EXCERPTED DATA>
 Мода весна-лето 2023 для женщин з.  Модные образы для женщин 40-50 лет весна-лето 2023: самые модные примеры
==
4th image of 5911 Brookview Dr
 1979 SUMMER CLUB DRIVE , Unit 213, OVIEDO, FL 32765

WHAT IS NEEDED> Return, word for word, the lines of the data above from the line with "4th image of 5911 Brookview Dr" through the line with "1979 SUMMER CLUB", inclusive.

ANSWER TO THIS TASK>
4th image of 5911 Brookview Dr
 1979 SUMMER CLUB DRIVE , Unit 213, OVIEDO, FL 32765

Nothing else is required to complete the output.